**TASK**: Using only the entries below, copy exactly the lines that begin at the one with "SKULL OF A SKELETON" and end at the one with "Un patio exterior", both included. Drop the pictures.

Captioned web image data:
·····

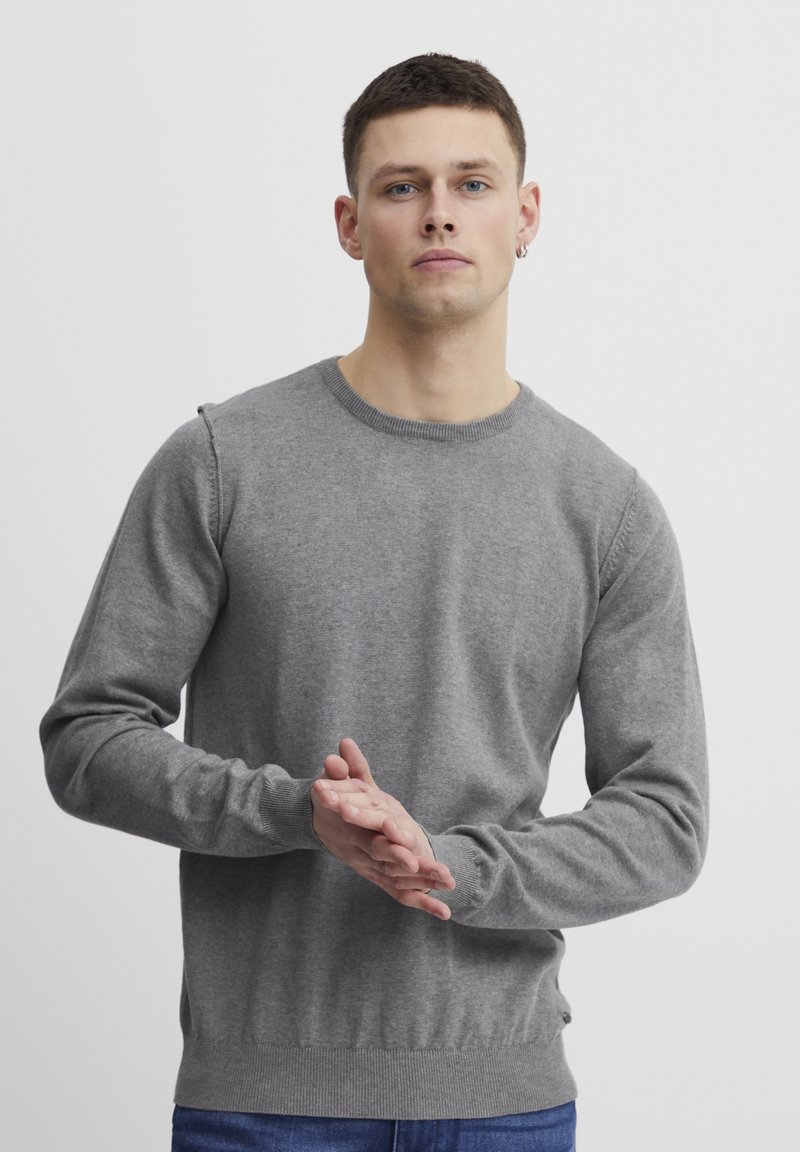Grå strikket genser med rund hals og lange ermer, med teksturert stoff og ribbede mansjetter og linning. Modellen har hendene samlet.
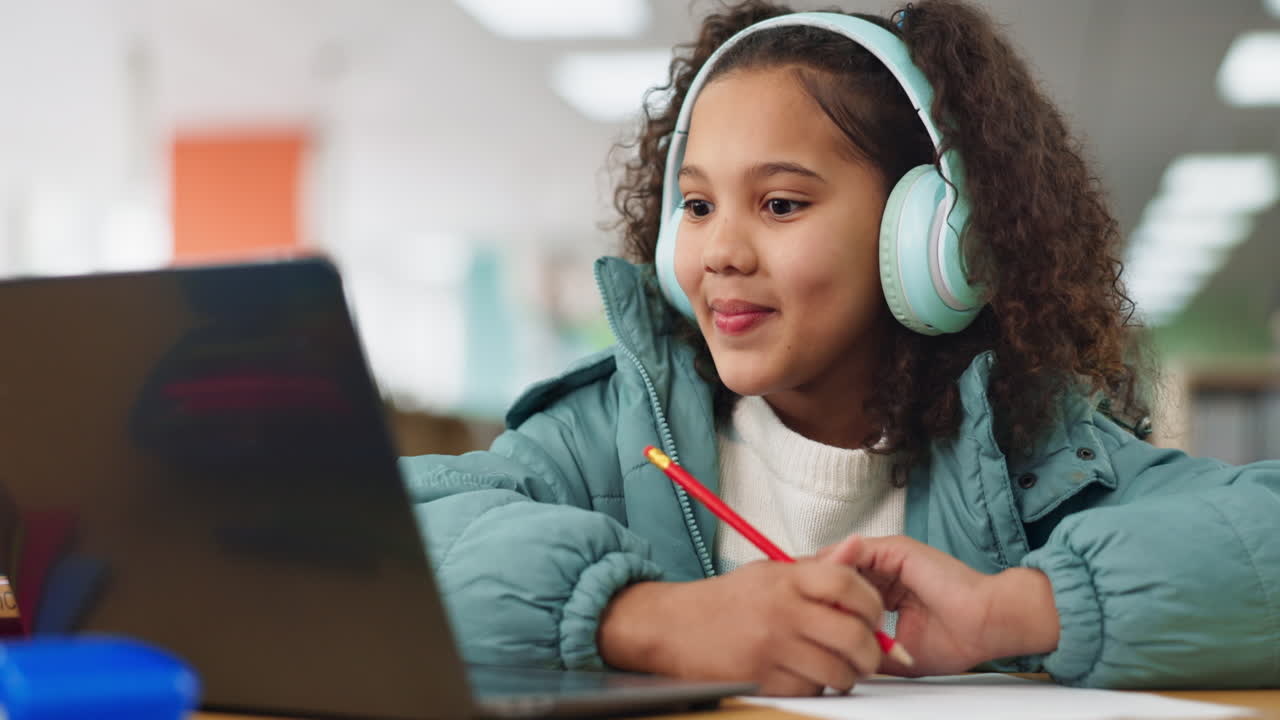 Girl studying with laptop and headphones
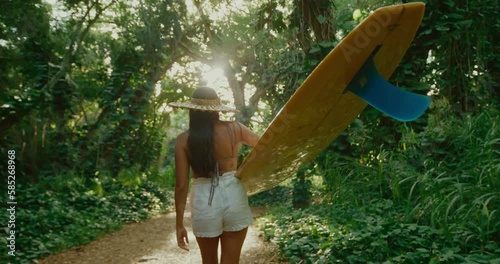 Beautiful Hawaiian surfer girl walking through jungle with classic yellow longboard to go surfing at secret wave, active adventure lifestyle, pacific islander diversity and inclusion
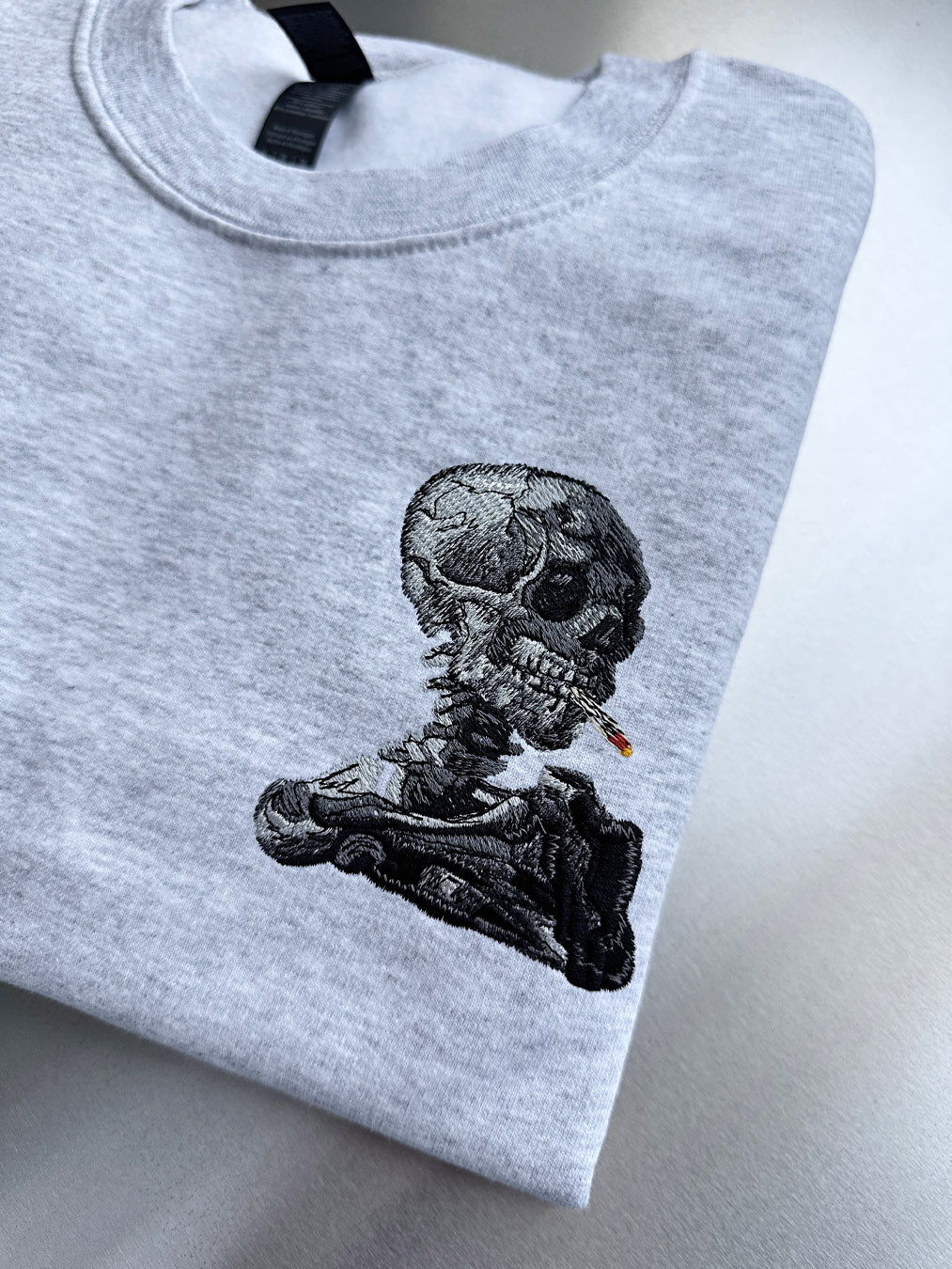SKULL OF A SKELETON WITH BURNING CIGARETTE (SMALL)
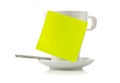 Yellow empty sticky note on white coffee or tea cup over white background Royalty Free Stock Photo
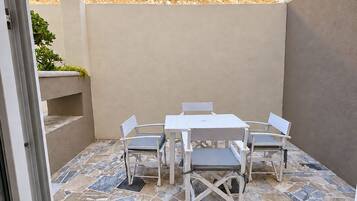 Un patio exterior con una mesa y sillas blancas, un suelo estampado y vistas a una colina.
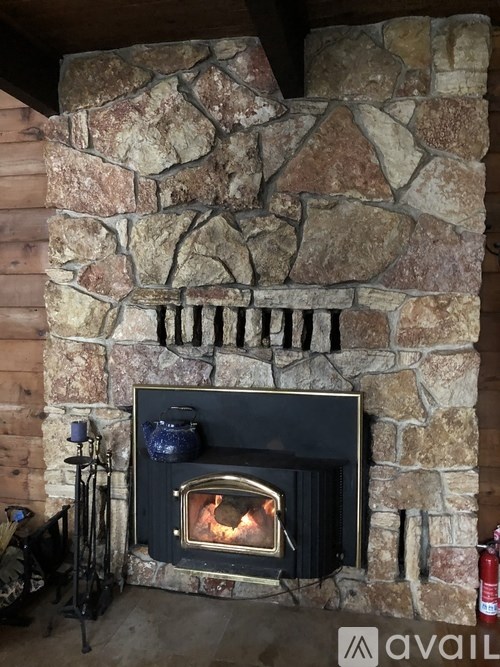 A stone fireplace with a fire burning inside.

·····

**PROBLEM SOLUTION**:
SKULL OF A SKELETON WITH BURNING CIGARETTE (SMALL)
 Yellow empty sticky note on white coffee or tea cup over white background Royalty Free Stock Photo
 Un patio exterior con una mesa y sillas blancas, un suelo estampado y vistas a una colina.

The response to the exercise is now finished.